I've not had much use for YouTube, but I do have a son who does better with video than with text. I figured I'd collect selected educational videos for him to study from, using a family video learning blog.
That was when I began to learn that YouTube sucks.
Yes, there's lots of stuff there, and some of it is well done. There's Monty Python, for example. When it comes to education in general, and science in particular, however, it's really lousy. Most of the material is both very poor quality and very old.
The problem isn't a lack of good material. There's an enormous quantity of instructional science material owned by the BBC and by the television networks. That material could be sliced, diced and repackaged to create thousands of high quality educational videos from brief demonstrations to longer expositions.
The problem is money, or lack thereof. We need a way for people who own high quality material, or who are able to create it, to get paid.
I'd like to see YouTube offer up this material with a 10 cent/min 1 day rental fee. A five minute concept demonstration would cost 50 cents to rent until midnight. A 60 minute show would cost $6.
Maybe that wouldn't be enough to unlock the vaults of the BBC. It might be too easy to steal for example. It would, however, be enough to support independent production of short format well catalogued educational video material.
Stop being free YouTube, and start being valuable.

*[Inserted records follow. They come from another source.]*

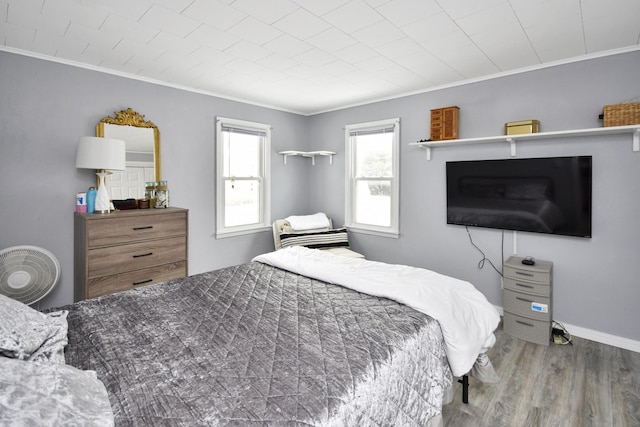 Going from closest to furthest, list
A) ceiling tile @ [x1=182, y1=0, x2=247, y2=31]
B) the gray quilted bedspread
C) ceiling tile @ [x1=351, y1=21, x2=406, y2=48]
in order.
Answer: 1. the gray quilted bedspread
2. ceiling tile @ [x1=182, y1=0, x2=247, y2=31]
3. ceiling tile @ [x1=351, y1=21, x2=406, y2=48]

Update 3/5/2010: Per Janek Mann, in comments, YouTube debuted YouTube Rentals in beta about 7 weeks ago:
... Introducing the beta of YouTube Rentals, a pay-to-view model on YouTube. Providing content owners a new way to generate revenue on the site, YouTube Rentals allows partners greater flexibility to monetize a variety of videos, provides full control over their content, and allows content owners to tap into the world's largest online video community.Evidently they thought it was a good idea too, though, barring time travel, they've probably been planning this for years. Obviously I'm a fan!
The YouTube Rentals beta is currently available only to content owners in the U.S.